Jane, il suo angelo. Non sapeva come definirla altrimenti, e si vergognava terribilmente per ciò che pensava di lei. Lui, sporco insetto che non avrebbe dovuto nemmeno esistere, che di colpo si sentiva così miseramente innamorato della sorella gemella di Harry Potter. Cosa avrebbe pensato di lui, se solo avesse saputo che cosa gli stava attraversando il cervello in quel periodo? Lo avrebbe deriso, o scacciato? Avrebbe mandato in cenere l'incantesimo che si era creato tra di loro?
«Comunque, secondo me tu le piaci. Alla Potter, intendo» tornò alla carica Adam nel mentre.
Era appena ritornato dal bagno e ora appariva avvolto in un morbido pigiama color verde smeraldo.
«Ah, sì? E che cosa te lo fa pensare?» chiese Edmund, aggrottando le sopracciglia.
«Guarda che si vede. Da parte di entrambi» rispose l'altro, buttandosi sul divano.
«Ed è un male?»
A quelle parole, Adam volse gli occhi al soffitto. «Sei senza speranza» sospirò. «Senti, ne parliamo domani, d'accordo? Magari dopo essere sopravvissuti al compito di Pozioni.»

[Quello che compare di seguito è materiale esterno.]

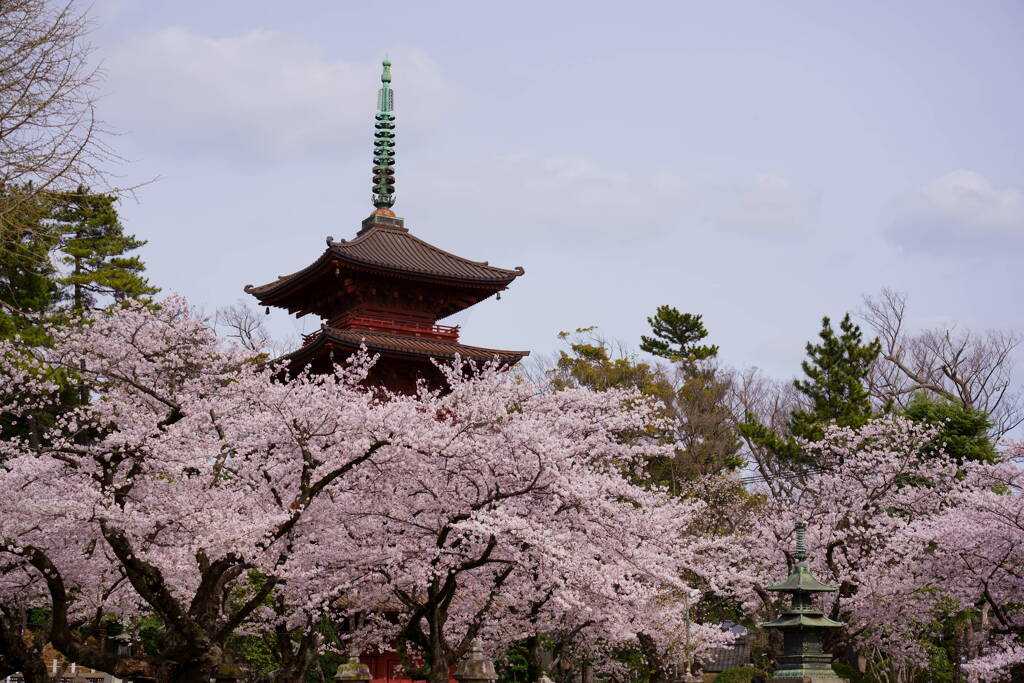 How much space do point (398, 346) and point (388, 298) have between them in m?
3.01

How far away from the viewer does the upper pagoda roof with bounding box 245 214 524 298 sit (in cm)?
3114

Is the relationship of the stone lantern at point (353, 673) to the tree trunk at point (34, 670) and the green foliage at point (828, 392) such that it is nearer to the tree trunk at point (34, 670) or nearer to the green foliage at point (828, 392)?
the tree trunk at point (34, 670)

«Sì. Forse è meglio» borbottò Edmund, stendendosi a sua volta e cercando di mettere a tacere i pensieri. «Buonanotte, Adam.»
«'notte, Pevensie.»
Cadde il silenzio, rotto solo dallo scoppiettare nel fuoco all'interno del grande camino e il respiro di Adam che si faceva sempre più profondo e regolare.
Edmund si girò di fianco, proseguendo la lettura con l'aiuto dell'avvolgente luce delle fiamme fino a quando le palpebre non si fecero via via più pesanti e il sonno lo accolse tra le sue braccia prima ancora che avesse avuto modo di rendersene conto. Precipitò in un mondo lontano, fatto di labirinti di siepi e cupi sotterranei, in fondo al quale una sagoma esile e gentile lo aspettava con una mano tesa, una tenue luce che la avvolgeva mentre lo chiamava dolcemente a sé.
**** Ma come ho fatto a perdere la seconda parte di questa storia, io proprio non lo so! Perché esisteva un secondo capitolo, un Edmund's POV che però il mio pc ha salvato in una cartella remota che è saltata fuori solo oggi. Pazienza, anche se con un po' di ritardo ho potuto farvi leggere la degna conclusione di questa OS. E farvi riabbracciare almeno per un pomeriggio uno dei personaggi a cui sono più affezionata in assoluto, notando quanti punti in comune ha con quello che un giorno sarebbe diventato Caspar.
Spero che abbiate apprezzato questa rimpatriata e che continueremo a leggerci anche in seguito.